— Description of the task —
Give the lines again exactly as they appear below, from the line with "Box spring krevet" to the line with "Simple Retro Sweaters", both included, and only those lines. Leave every picture out.

— Source material —

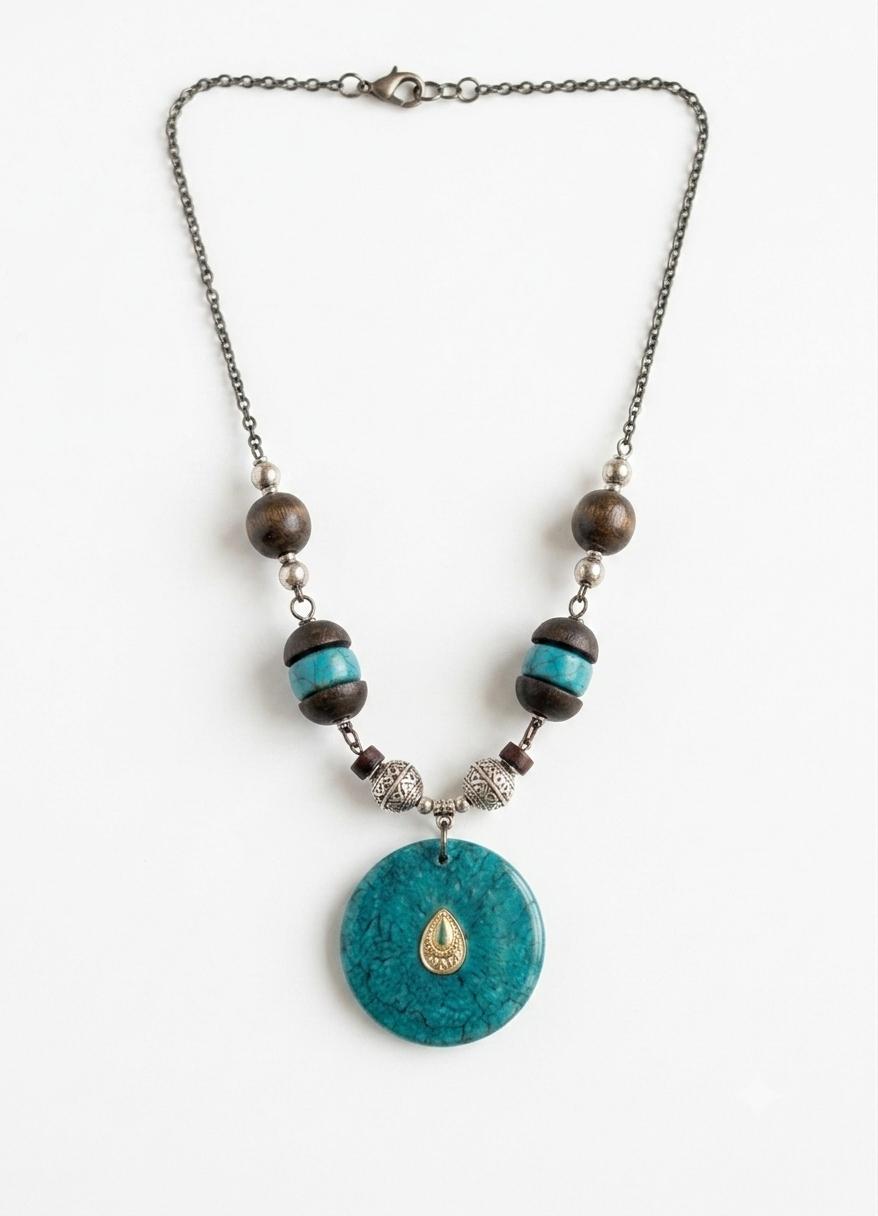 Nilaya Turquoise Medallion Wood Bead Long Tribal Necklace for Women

...

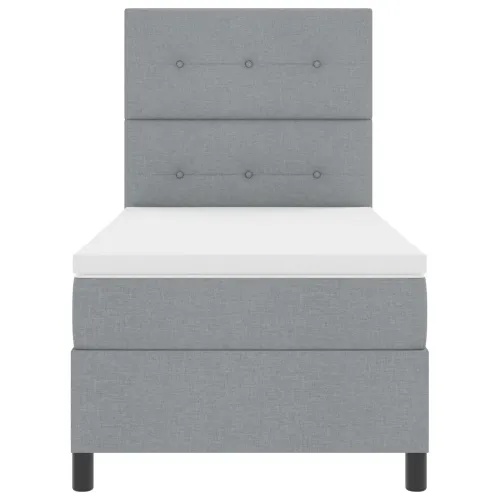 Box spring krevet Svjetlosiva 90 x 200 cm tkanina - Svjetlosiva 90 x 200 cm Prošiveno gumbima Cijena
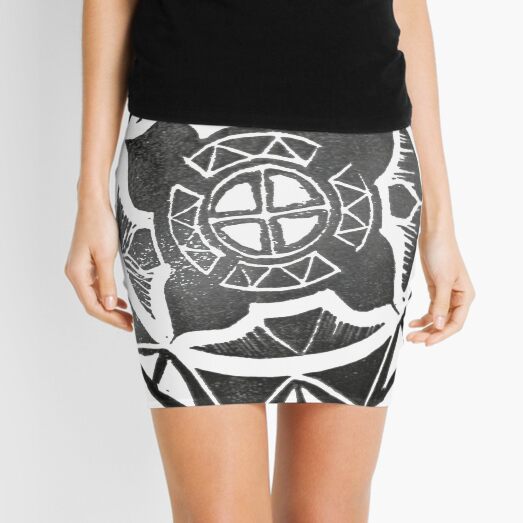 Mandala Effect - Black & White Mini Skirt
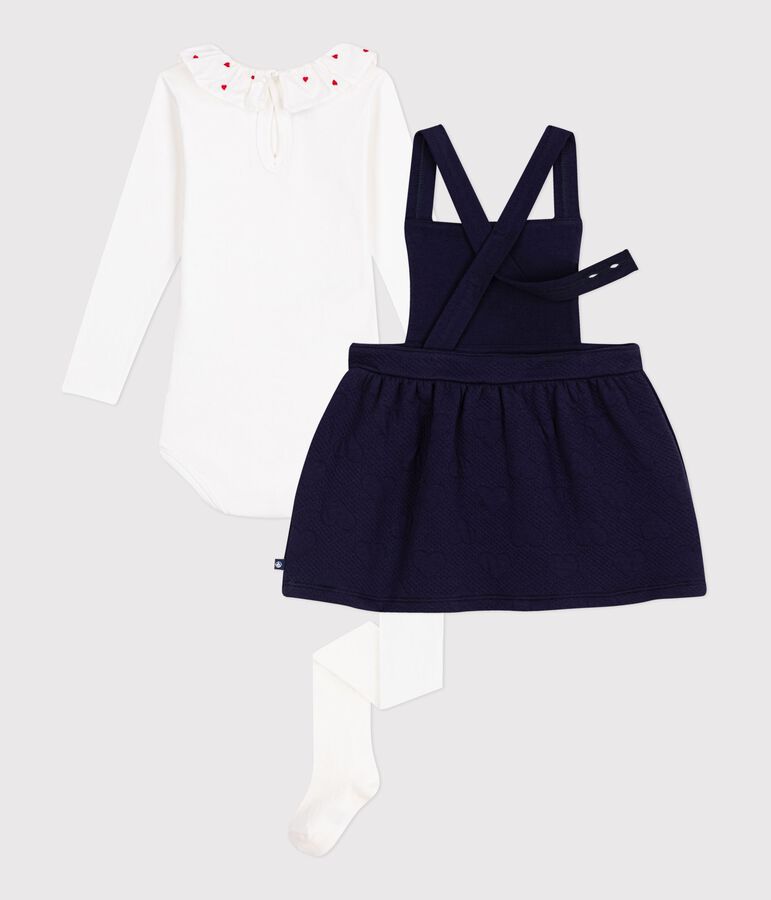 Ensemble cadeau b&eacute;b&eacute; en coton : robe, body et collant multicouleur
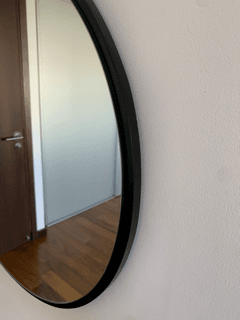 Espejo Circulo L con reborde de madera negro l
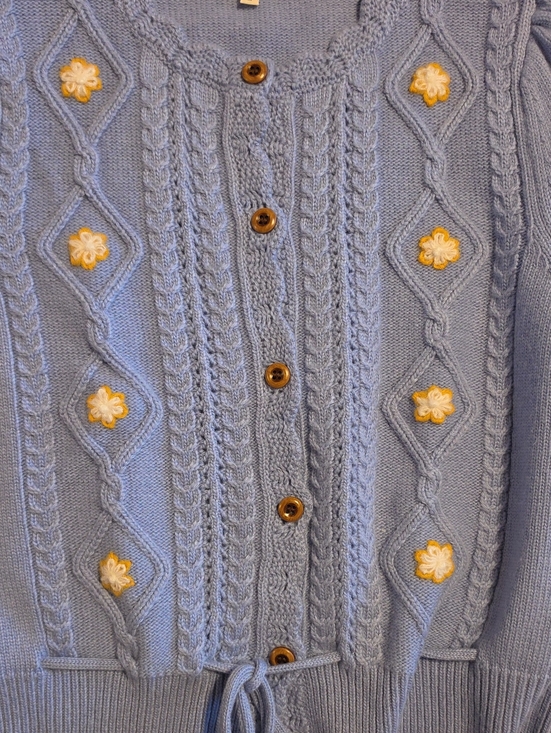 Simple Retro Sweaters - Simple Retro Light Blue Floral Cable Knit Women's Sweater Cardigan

— Answer space —
 Box spring krevet Svjetlosiva 90 x 200 cm tkanina - Svjetlosiva 90 x 200 cm Prošiveno gumbima Cijena
 Mandala Effect - Black & White Mini Skirt
 Ensemble cadeau b&eacute;b&eacute; en coton : robe, body et collant multicouleur
 Espejo Circulo L con reborde de madera negro l
 Simple Retro Sweaters - Simple Retro Light Blue Floral Cable Knit Women's Sweater Cardigan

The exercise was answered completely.